- TASK DETAILS
Each entry is to be retyped exactly as it appears, and each image is to be dropped.

- LISTED ENTRIES
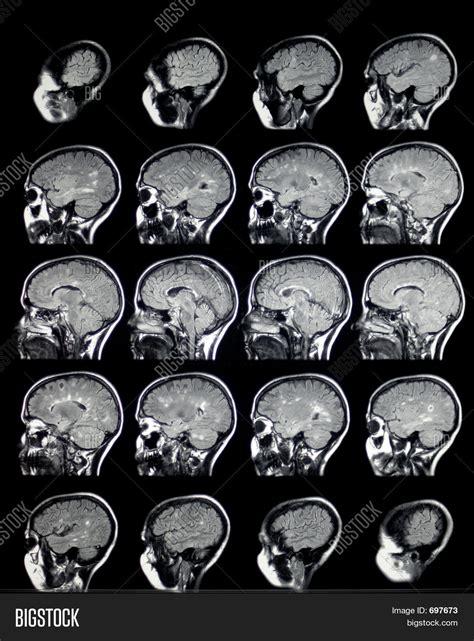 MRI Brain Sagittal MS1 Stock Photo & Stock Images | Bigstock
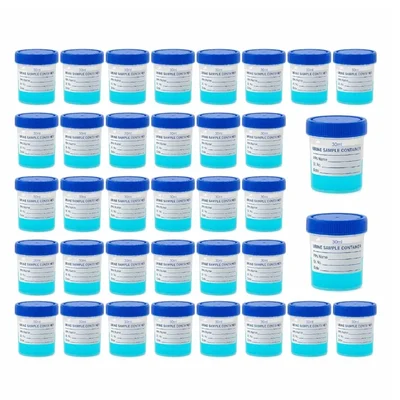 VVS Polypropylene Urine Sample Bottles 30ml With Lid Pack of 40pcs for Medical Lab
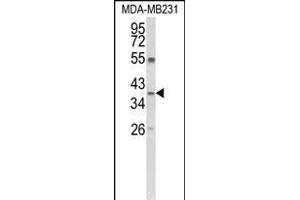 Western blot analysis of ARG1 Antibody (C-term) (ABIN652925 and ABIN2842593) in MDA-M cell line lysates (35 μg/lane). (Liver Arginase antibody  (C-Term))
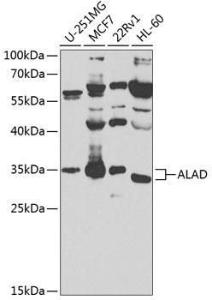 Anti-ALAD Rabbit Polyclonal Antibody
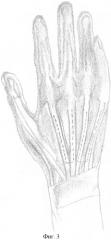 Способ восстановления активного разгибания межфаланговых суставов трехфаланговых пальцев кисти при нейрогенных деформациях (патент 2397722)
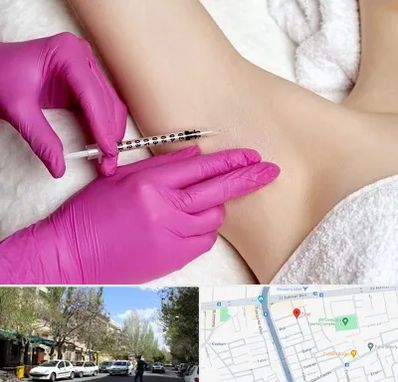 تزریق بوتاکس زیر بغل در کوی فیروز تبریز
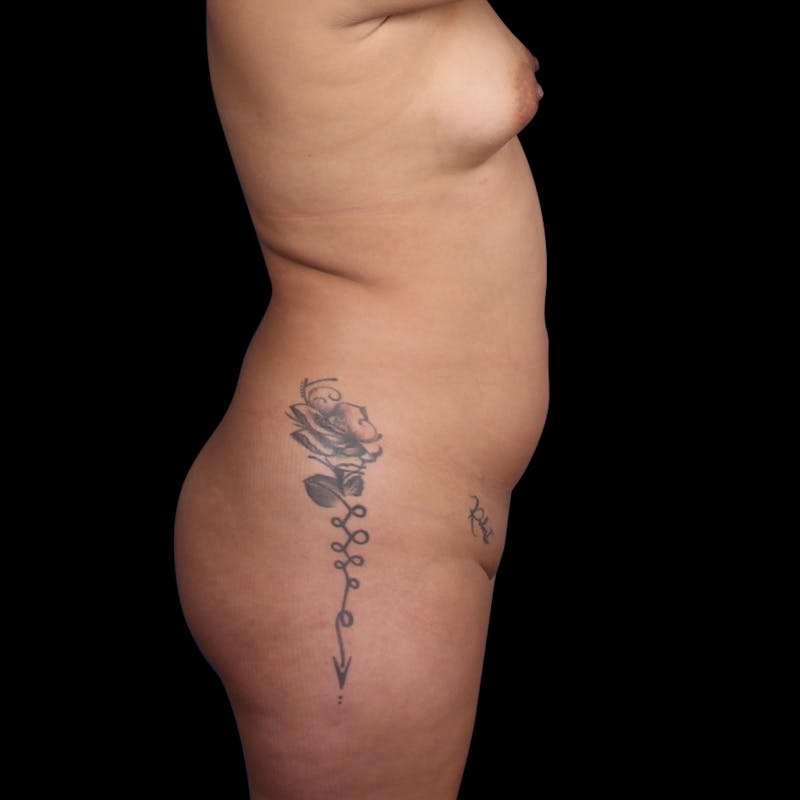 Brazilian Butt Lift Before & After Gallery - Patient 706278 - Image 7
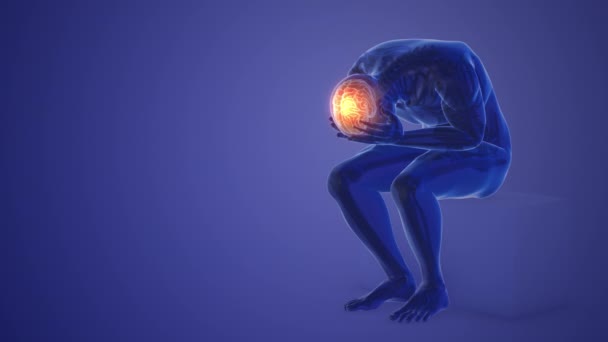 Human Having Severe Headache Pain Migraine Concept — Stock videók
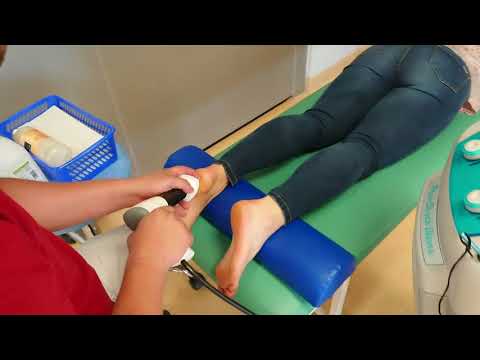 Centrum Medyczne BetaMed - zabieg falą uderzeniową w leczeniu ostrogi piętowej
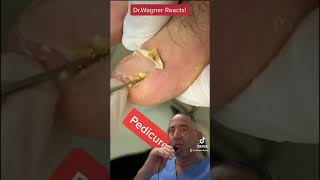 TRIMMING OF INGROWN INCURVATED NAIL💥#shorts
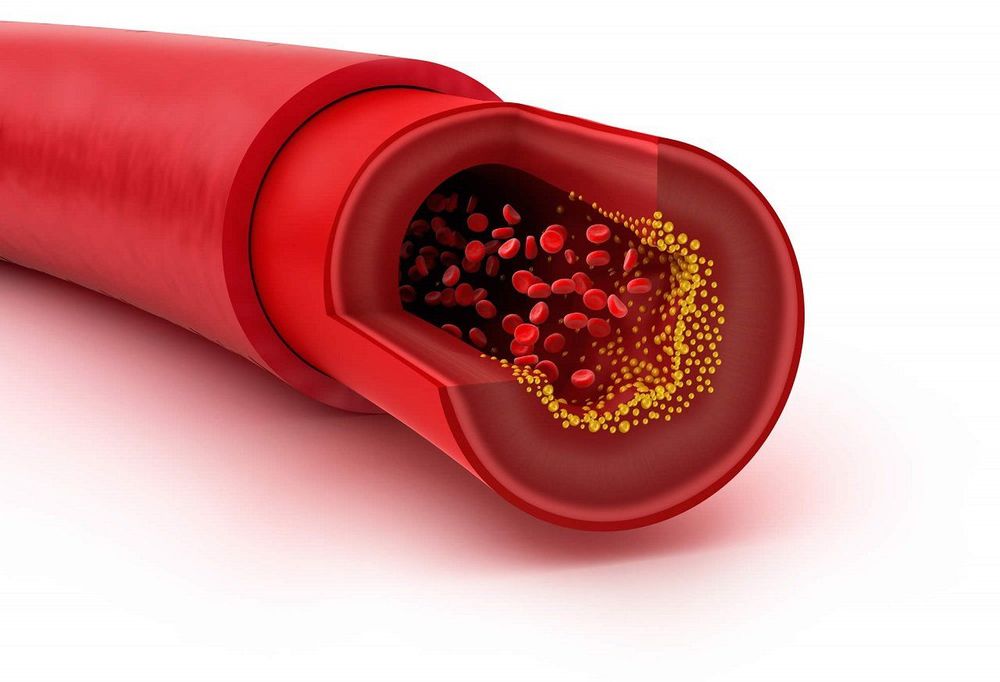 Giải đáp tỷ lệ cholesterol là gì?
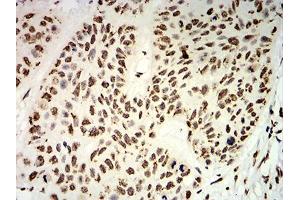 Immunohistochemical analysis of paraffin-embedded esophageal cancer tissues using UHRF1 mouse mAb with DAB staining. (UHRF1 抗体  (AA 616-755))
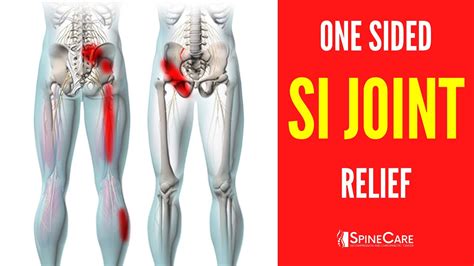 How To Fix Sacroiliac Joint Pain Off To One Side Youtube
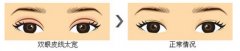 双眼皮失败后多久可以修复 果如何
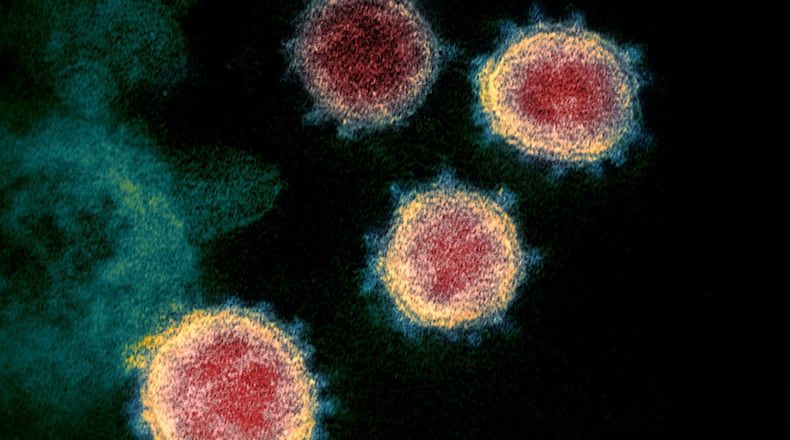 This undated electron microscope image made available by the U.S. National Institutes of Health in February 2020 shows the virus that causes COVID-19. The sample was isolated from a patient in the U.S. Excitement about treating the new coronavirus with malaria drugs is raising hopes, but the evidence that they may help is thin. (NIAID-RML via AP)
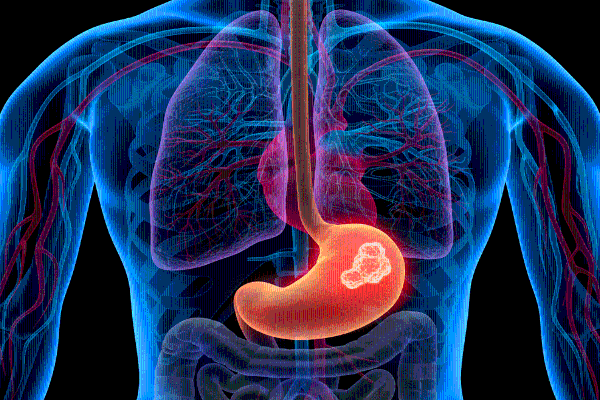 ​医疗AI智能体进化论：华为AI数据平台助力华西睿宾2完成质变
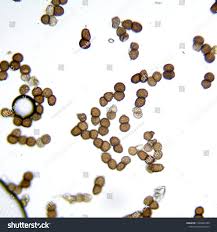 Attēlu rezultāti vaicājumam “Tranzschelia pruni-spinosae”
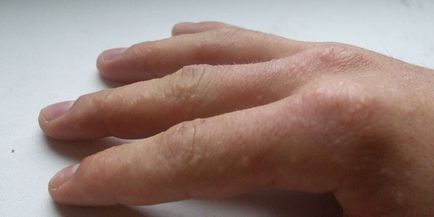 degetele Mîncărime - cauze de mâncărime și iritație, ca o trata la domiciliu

- ANSWER SPACE
 MRI Brain Sagittal MS1 Stock Photo & Stock Images | Bigstock
 VVS Polypropylene Urine Sample Bottles 30ml With Lid Pack of 40pcs for Medical Lab
 Western blot analysis of ARG1 Antibody (C-term) (ABIN652925 and ABIN2842593) in MDA-M cell line lysates (35 μg/lane). (Liver Arginase antibody  (C-Term))
 Anti-ALAD Rabbit Polyclonal Antibody
 Способ восстановления активного разгибания межфаланговых суставов трехфаланговых пальцев кисти при нейрогенных деформациях (патент 2397722)
 تزریق بوتاکس زیر بغل در کوی فیروز تبریز
 Brazilian Butt Lift Before & After Gallery - Patient 706278 - Image 7
 Human Having Severe Headache Pain Migraine Concept — Stock videók
 Centrum Medyczne BetaMed - zabieg falą uderzeniową w leczeniu ostrogi piętowej
 TRIMMING OF INGROWN INCURVATED NAIL💥#shorts
 Giải đáp tỷ lệ cholesterol là gì?
 Immunohistochemical analysis of paraffin-embedded esophageal cancer tissues using UHRF1 mouse mAb with DAB staining. (UHRF1 抗体  (AA 616-755))
 How To Fix Sacroiliac Joint Pain Off To One Side Youtube
 双眼皮失败后多久可以修复 果如何
 This undated electron microscope image made available by the U.S. National Institutes of Health in February 2020 shows the virus that causes COVID-19. The sample was isolated from a patient in the U.S. Excitement about treating the new coronavirus with malaria drugs is raising hopes, but the evidence that they may help is thin. (NIAID-RML via AP)
 ​医疗AI智能体进化论：华为AI数据平台助力华西睿宾2完成质变
 Attēlu rezultāti vaicājumam “Tranzschelia pruni-spinosae”
 degetele Mîncărime - cauze de mâncărime și iritație, ca o trata la domiciliu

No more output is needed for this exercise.